Indonesia to rezone 3.8m of protected peat that was damaged or converted

The Indonesian forest ministry said it will no longer allow peatlands to be drained or burned to make way for palm oil or timber plantations. Could this reaction be too late to solve the widespread problem?

In May, the Indonesian government announced that nearly half of the peatlands protected under a 2011 forestry moratorium have actually been damaged or converted.

Last week, the forestry ministry said it would issue a regulation to provide legal status for these areas, which amount to 3.8 million hectares – nearly the size of Puerto Rico.

These peatlands have either burned or been “turned into agriculture, plantations, mines, fish farms and resettlement areas,” San Afri Awang, the ministry’s spatial-planning director, said in Jakarta.

“We cannot allow this. We will settle this. If there’s a violation, we will seek legal recourse.”

Established under an agreement with Norway, the moratorium was hailed as a major breakthrough for conservation. It banned new permits to develop primary forests and peat swamps, which have been widely drained and cleared to make way for palm oil and timber plantations.

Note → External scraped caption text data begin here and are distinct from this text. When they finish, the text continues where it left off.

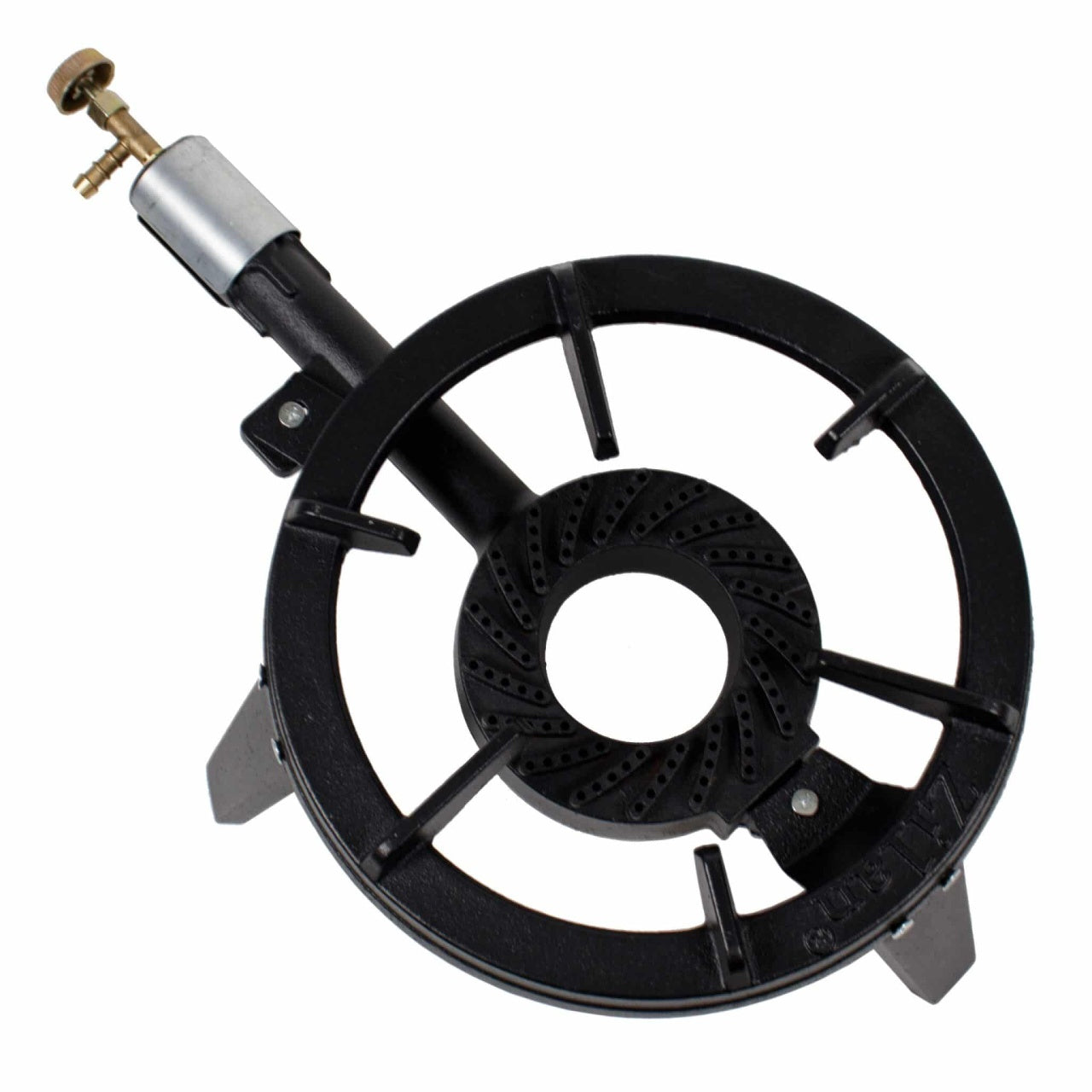 Arzator rotund din fonta, diametru 28 cm, pentru butelie gaz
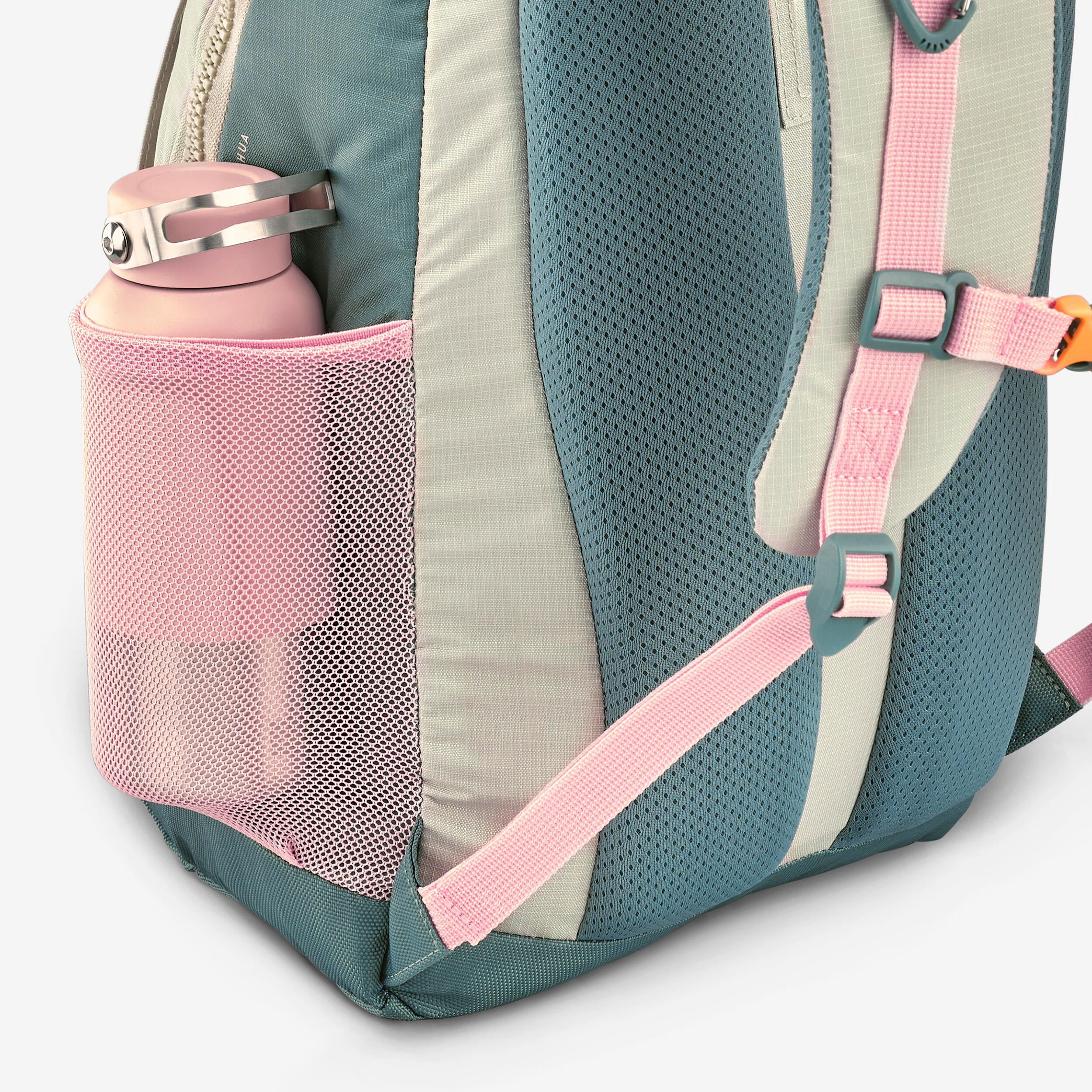 Mochila de senderismo niños 7-15 años 15L - NH900 verde  7/11
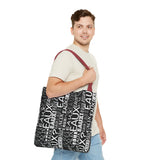 EAUX WHITE TOTE BAG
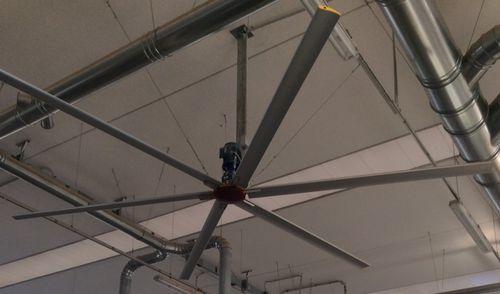 农用建筑通风风扇 - HVLS  - ARIENTI PAOLO & C. s.a.s. - 空气循环 / 天花板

If you change the status without establishing the forest areas, it’ll end up to be another conflict.

Christian Purba, executive director, Forest Watch Indonesia

In practice, though, enforcement of the policy has been lax, undermined by corruption and poor governance. District heads often hand out plantation permits without the proper approvals from Jakarta, for example.

It was not clear how many of the 3.8 million hectares of peat were intact when the moratorium was established, and how many had already been damaged or converted and were erroneously included in the moratorium map, which was said to still include 4.6 million hectares of intact peatland.

There is also a difference between areas that have been turned into agricultural lands by local people and areas that have been turned into plantations by companies, perhaps with an illegal permit. For the former, the ministry promised to change their status to social forestry, whereas the latter might be met with an investigation and prosecuted.

“There are lots of deforested areas [in the moratorium]. During the previous administration, this [data] was not opened to public,” Awang said.

“We can’t afford to have illegal [areas] being unsolved because it would create serious losses,” he added. “The spirit is to solve these problems not in the context of granting more permits but forest management.”

Greenpeace forest campaigner Yuyun Indradi called on the ministry to disclose the locations of the damaged peatlands, such as in which provinces and concessions they lie.

“The public needs to know to be able to monitor [the situation],” he said.

Christian Purba, executive director of Forest Watch Indonesia, said the ministry should finish legalising its claim to the forest zone to ensure the process goes smoothly.

“If you change the status without establishing the forest areas, it’ll end up to be another conflict. Why not establish the forest areas, and then if it’s deforested then you’ll just exclude them. It’ll be easy to negotiate with people.”